Delusions of Grandeur

I do like a good con-man story, but while George Clooney's Danny Ocean and Clifford Irving, as portrayed by Richard Gere, exude charisma and inspire sympathy, the subject of Bart Layton's new documentary The Imposter is a far less likable chap, but his tale is no less compelling and scarcely more believable than Irving's own story.

1994. A young teenage boy disappears without a trace from his Texas town. Three years later, someone claiming to be this same kid shows up at a children's home in Spain, where he is promptly picked up by his older sister and taken back home. A remarkable rescue? Not exactly. For one thing, the boy in question seems to have come from a less handsome branch of the Benicio del Toro family tree, whereas the boy who went missing, Nicholas Barclay, is blonde, fair-skinned and blue-eyed. Then there's a question of how a 13-year-old American boy can totally lose the ability to speak accentless, American English--no matter what claims might be made concerning the horrific things that had happened to him during the missing years. Most troubling of all, though, is how Nicholas's sister Carey could travel to Spain and fail to realise that the boy in the question wasn't her brother after all.

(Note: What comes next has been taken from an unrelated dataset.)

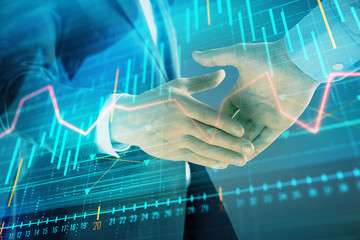 Multi exposure of forex graph on abstract background with two businessmen handshake. Concept of success on stock market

Unsurprisingly, rather than focusing on the family, Layton's movie is very much the story of this imposter, whose name, it turns out, is Frédéric Bourdin. Well, as far as we can be certain, anyway, given that he had left a trail of false identities all over Europe before deciding to disguise himself as a child (he was 23 in 1997, not 16). He tells us his sob story--his French mother was very young and her father was a racist, who didn't approve of Frédéric's Algerian father or Frédéric himself, he says, so he decided to try to be taken on by a real family, who could give him the childhood he never had. Naturally, we have to take everything he says with a pinch of salt: he is a professional liar and an attention-seeker. He has no remorse when he talks to camera about what he did. It was everyone else's fault but his own--yes, he might have rung around dozens of US police stations fishing for information on missing children, but it isn't his fault that the particular family he happened upon were so desperate to believe that their son and brother was still alive, that they would even proclaim that a boy who looked nothing like Nicholas had ever looked was indeed him.

Not everyone is convinced, though. One of the brothers, back in Texas, simply tells Bourdin, "good luck," and avoided being around him. A local private detective is also suspicious--primarily because Bourdin's ears didn't match Nicholas's, a trick the investigator learned from Scotland Yard, dontcha know? Then there's Nancy Fisher, the Mary Portas-lookalike from the FBI who, on hearing "Nicholas's" horrific account of where he had been (kidnapped by the military, abused and tortured), decides he either went through something really terrible or he is an extremely skillful liar. She initially goes with the former--who would make up those lies, she asks--but as the evidence against Bourdin begins to mount, who is going to be left feeling like the greater fool?

The Imposter is a fascinating and engaging film, which still finds time to pack in a few final twists into its already crazy narrative, although you will have to watch the film (or trawl Wikipedia) to find out what happens. Some have criticized the uncensored way Bourdin is allowed to present his case to the audience, but he's so unsympathetic, ruthlessly self-interested and calculating that surely no one can leave the film a) liking and admiring him and b) believing a single word he says. Surely... This may be a spoiler, but for me, perhaps the scariest thing about the film is the end card that reads, "Frédéric Bourdin has a wife and three children." Just...wow!